▶ _PROBLEM DETAILS_: Retype the full set of data, character for character.

[Extracted records]
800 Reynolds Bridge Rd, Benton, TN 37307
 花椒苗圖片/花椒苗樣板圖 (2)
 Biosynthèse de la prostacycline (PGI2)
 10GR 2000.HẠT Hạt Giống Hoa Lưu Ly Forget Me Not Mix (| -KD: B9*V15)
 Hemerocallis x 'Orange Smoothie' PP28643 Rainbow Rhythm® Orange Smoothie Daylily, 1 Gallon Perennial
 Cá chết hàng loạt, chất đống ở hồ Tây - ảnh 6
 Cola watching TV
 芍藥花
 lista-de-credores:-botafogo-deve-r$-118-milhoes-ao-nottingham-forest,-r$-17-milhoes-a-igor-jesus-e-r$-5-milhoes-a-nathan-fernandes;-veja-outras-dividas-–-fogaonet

▶ _RESPONSE_:
800 Reynolds Bridge Rd, Benton, TN 37307
 花椒苗圖片/花椒苗樣板圖 (2)
 Biosynthèse de la prostacycline (PGI2)
 10GR 2000.HẠT Hạt Giống Hoa Lưu Ly Forget Me Not Mix (| -KD: B9*V15)
 Hemerocallis x 'Orange Smoothie' PP28643 Rainbow Rhythm® Orange Smoothie Daylily, 1 Gallon Perennial
 Cá chết hàng loạt, chất đống ở hồ Tây - ảnh 6
 Cola watching TV
 芍藥花
 lista-de-credores:-botafogo-deve-r$-118-milhoes-ao-nottingham-forest,-r$-17-milhoes-a-igor-jesus-e-r$-5-milhoes-a-nathan-fernandes;-veja-outras-dividas-–-fogaonet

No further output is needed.